### RECORDED INFORMATION

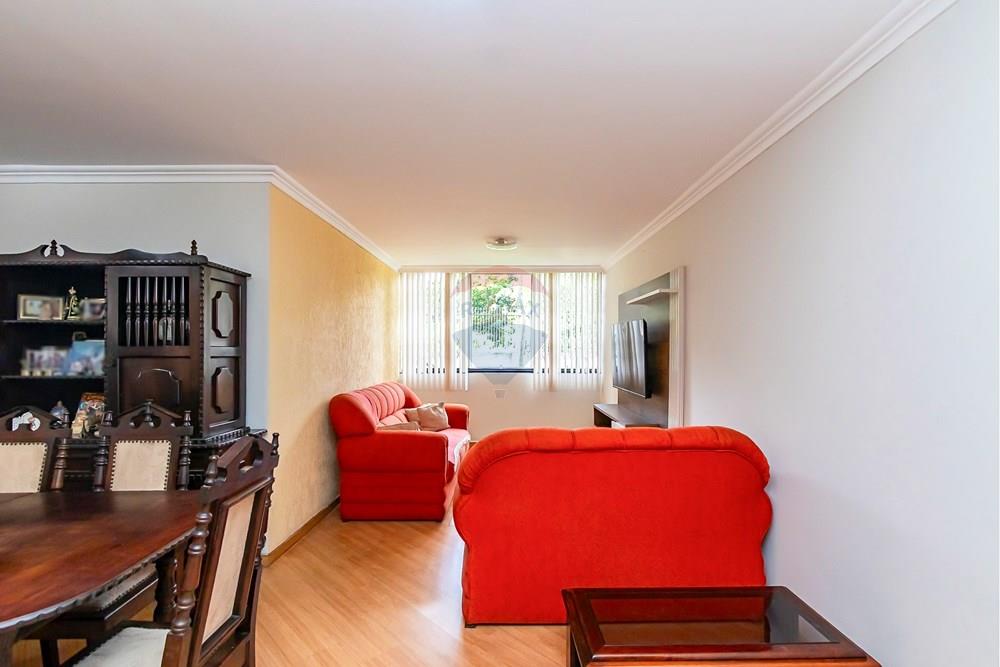 Apartamento - Venda - Curitiba , Paraná - IMG_9244_1.jpg - 560331080-30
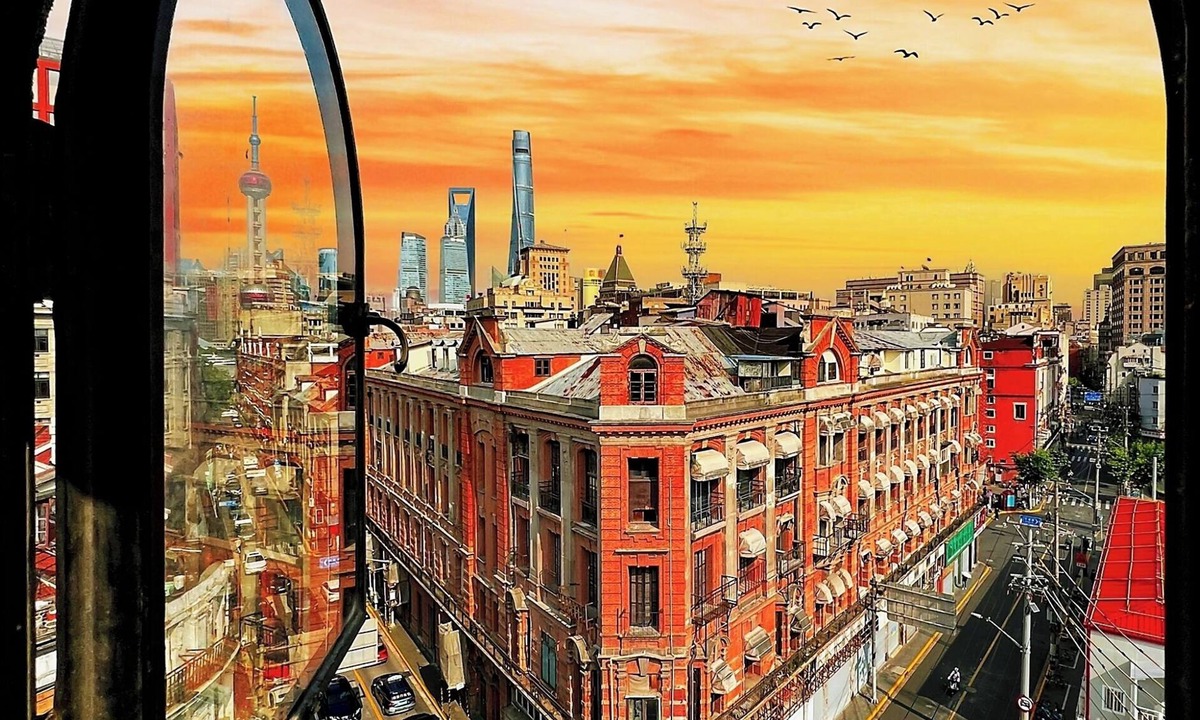 Jing'an Hotel | Jinglai Zhenxuan Jiudian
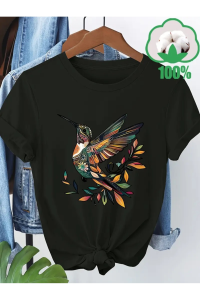 Превью товара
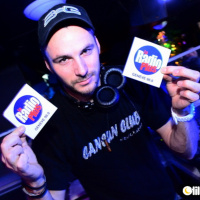 David M One More Mix 2 hour non stop LA RADIO PLUS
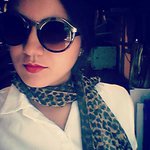 Thaddeus King - @ingthaddeus5096 - Instagram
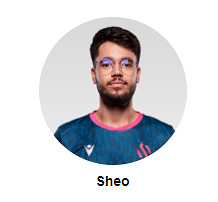 《lol》入圍賽DFM vs BDS影片介紹 《lol》入圍賽DFM vs BDS影片介紹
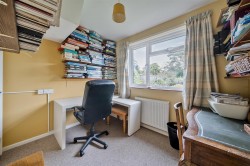 Images for Belmont Close, Shaftesbury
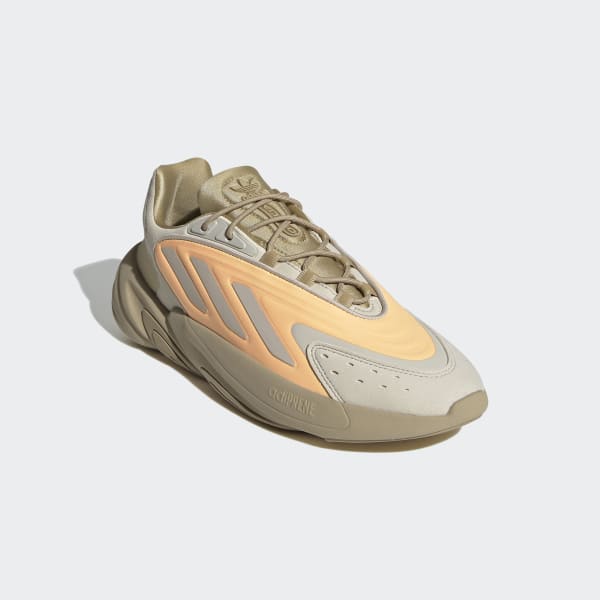 ozelia adidas beige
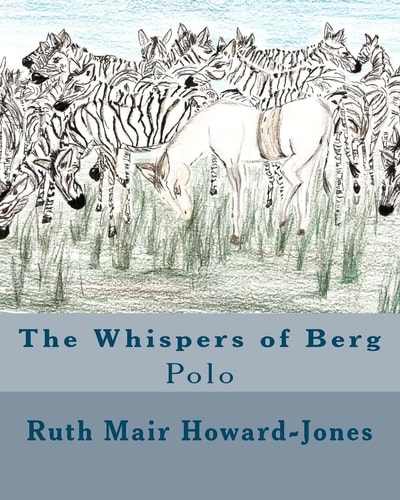 The Whispers of Berg Polo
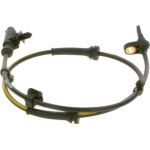 70 403 025 Sensor, Raddrehzahl VA 0 265 007 687 70 403 025 Sensor, Raddrehzahl VA 0 265 007 687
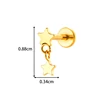 Oro-T2592-2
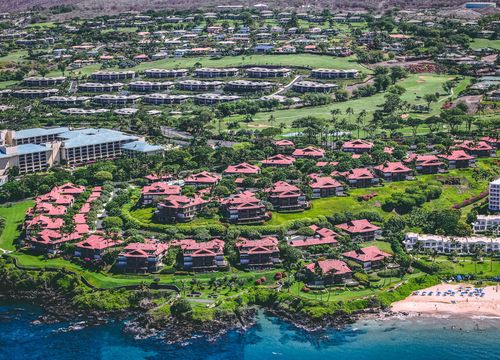 Wailea Point 2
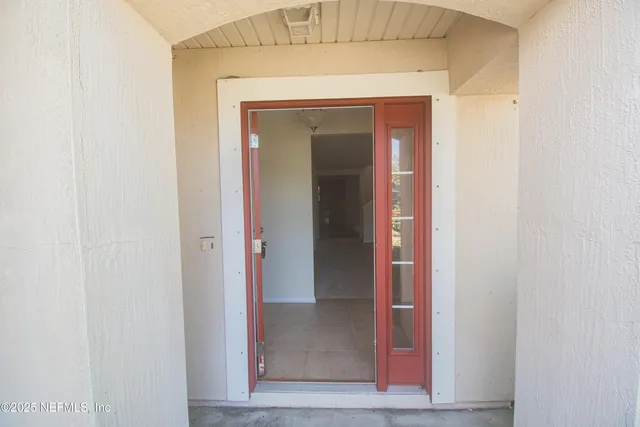 $365,000 | 95546 Sonoma Drive, Fernandina Beach, FL 32034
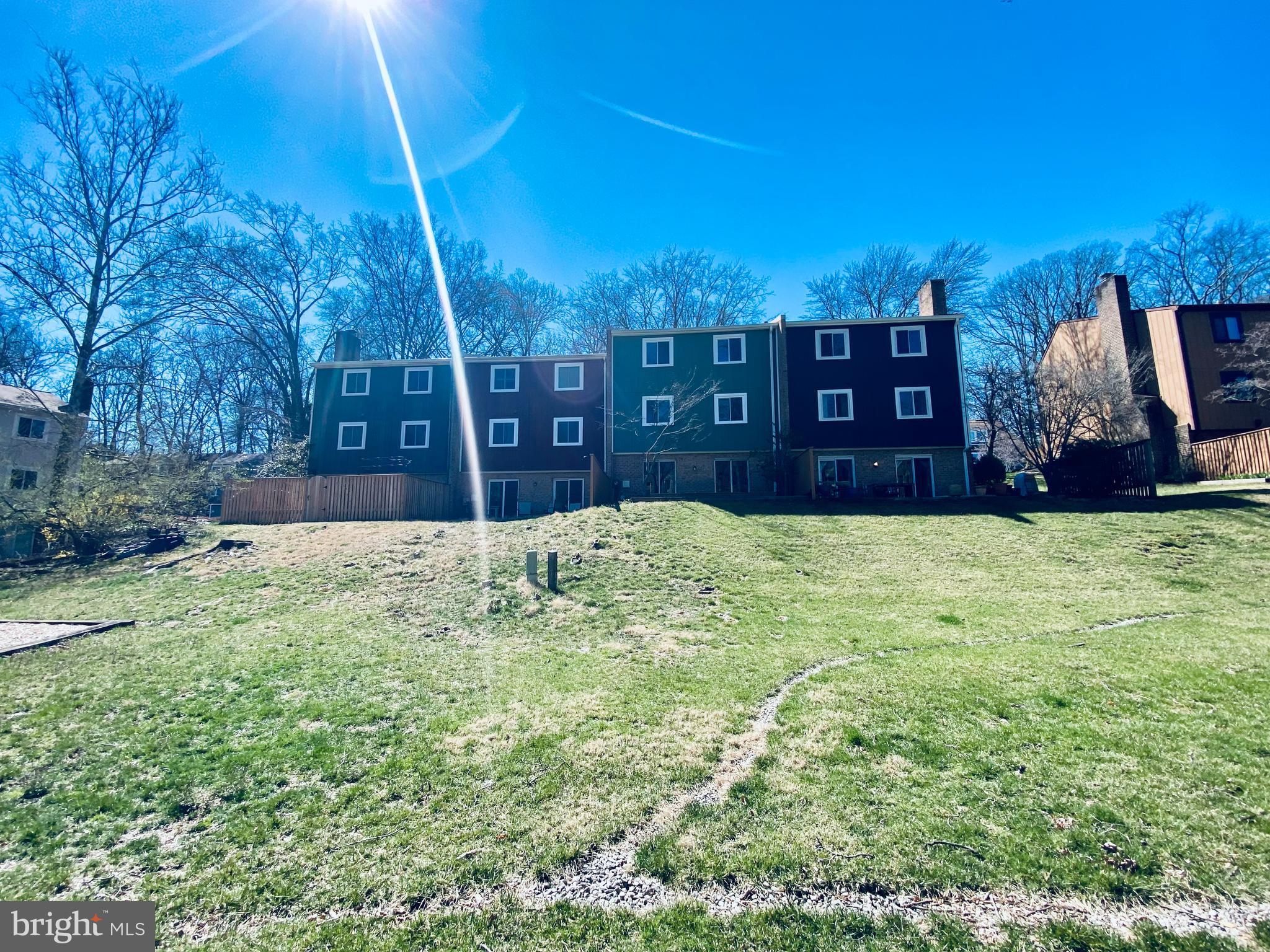 1423 Greenmont Court Reston, VA 20190 - Photo 30 of 31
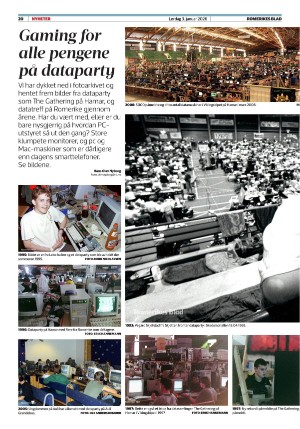 romerikesblad-20260103_000_00_00_020.pdf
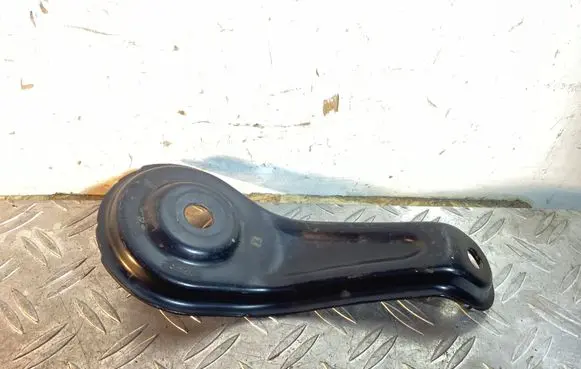 Lexus RX 450H Other rear suspension part 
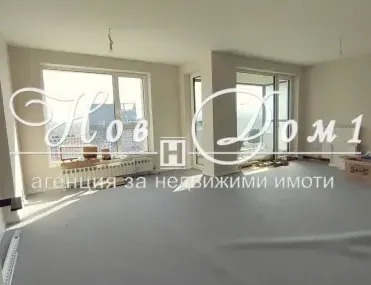 3-стаен, Лозенец, София - снимка 4 от 15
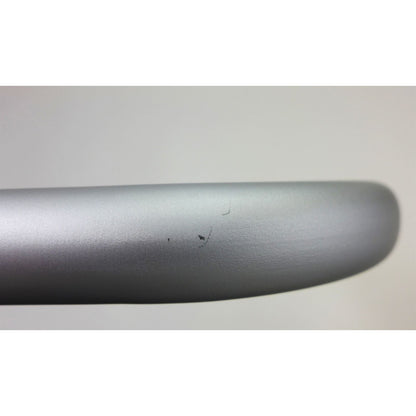 SPI Sports Parts Inc Rear Bumper for Polaris Open OPEN BOX [MPN: SM-12533]_1878461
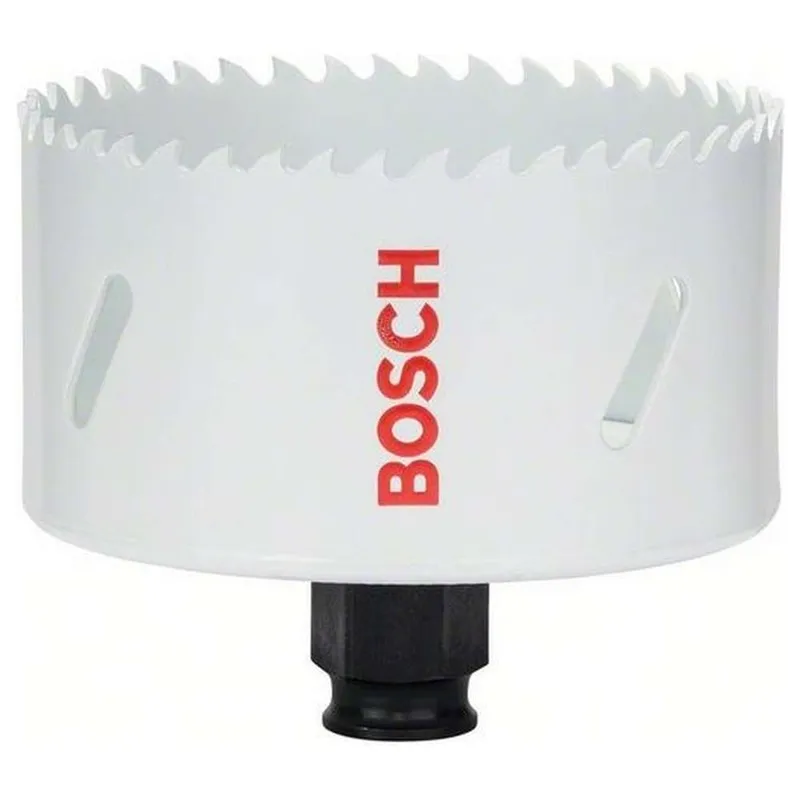 Коронка Bosch 83мм 2608584650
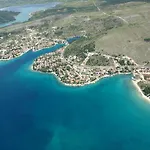 דירה Banjada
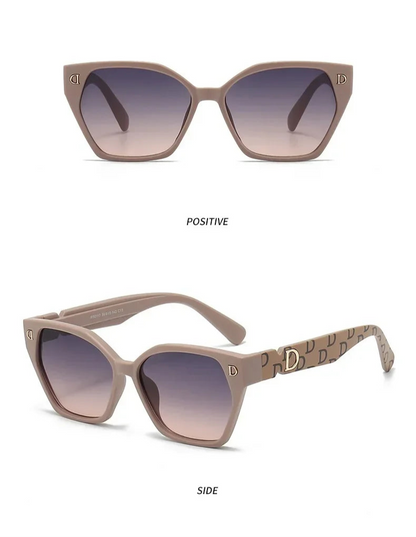 Gafas Bella Noir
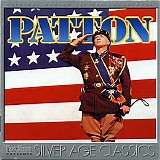Jerry Goldsmith - Patton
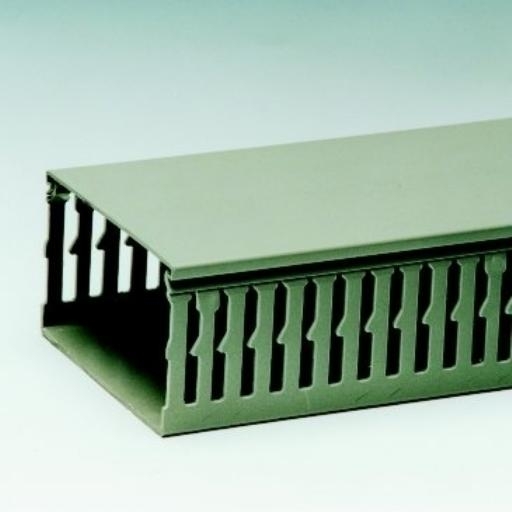 ATTEMA 3460 BEDRADINGSKOKER VK 60X100 afbeelding 2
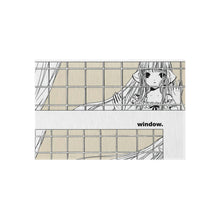 Load image into Gallery viewer, Chobits Rug
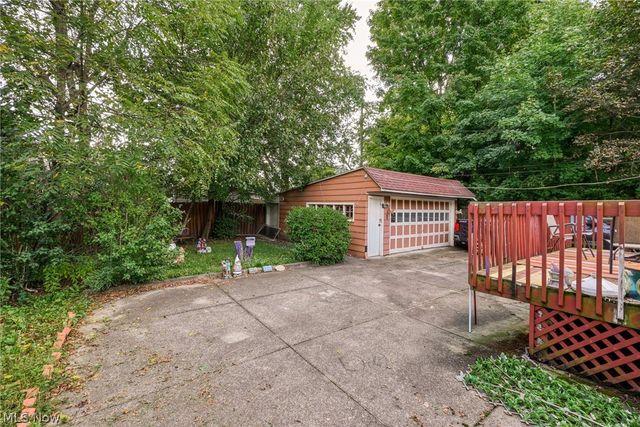 1117 N Main Street, Akron, OH 44310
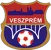 Veszprem FC (W)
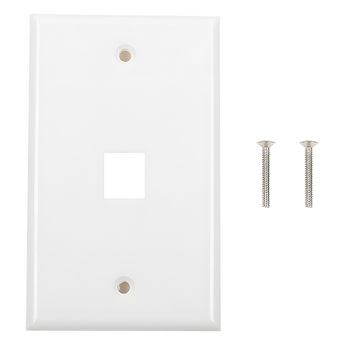 Jacks y conectores LinkedPro LP-FP-16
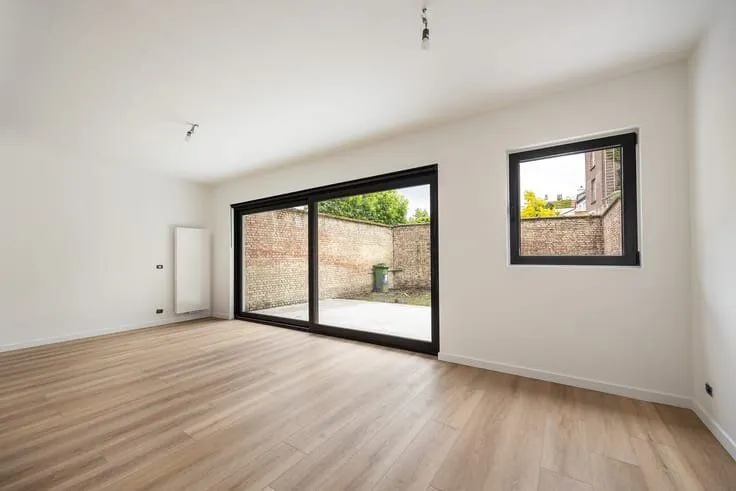 Maison à Berchem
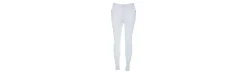 Pantalón de Montar BR Helsinki Hombre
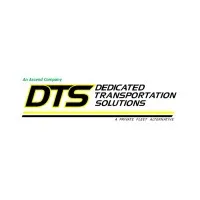 Dedicated Transportation Solutions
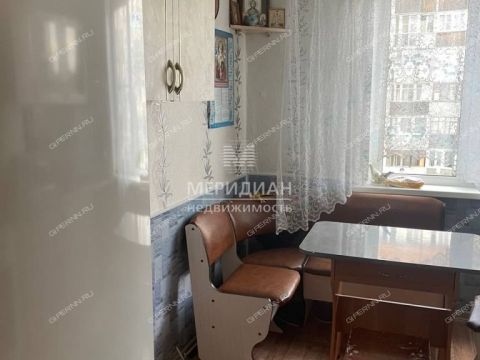 3-komnatnaya-ul-panfilovcev-d-7 фото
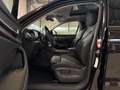 Skoda Kodiaq 2.0 TDI 4x4 Selection/ Pano / AHK /Memory Noir - thumbnail 18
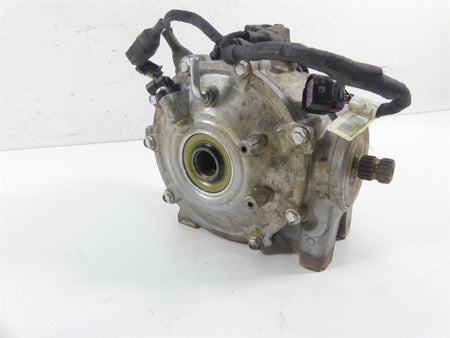 2020 Can Am Maverick X3 XMR Turbo RR Front Differential Gear Box - 2k 705402898 {{ shop.shopifyCountryName }} - Mototech271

### ACTIVITY
The copy must begin with the line containing "Skoda Kodiaq 2.0", end with the last line of the material, match each line exactly, and hold no pictures.

### WORKED SOLUTION
 Skoda Kodiaq 2.0 TDI 4x4 Selection/ Pano / AHK /Memory Noir - thumbnail 18
 2020 Can Am Maverick X3 XMR Turbo RR Front Differential Gear Box - 2k 705402898 {{ shop.shopifyCountryName }} - Mototech271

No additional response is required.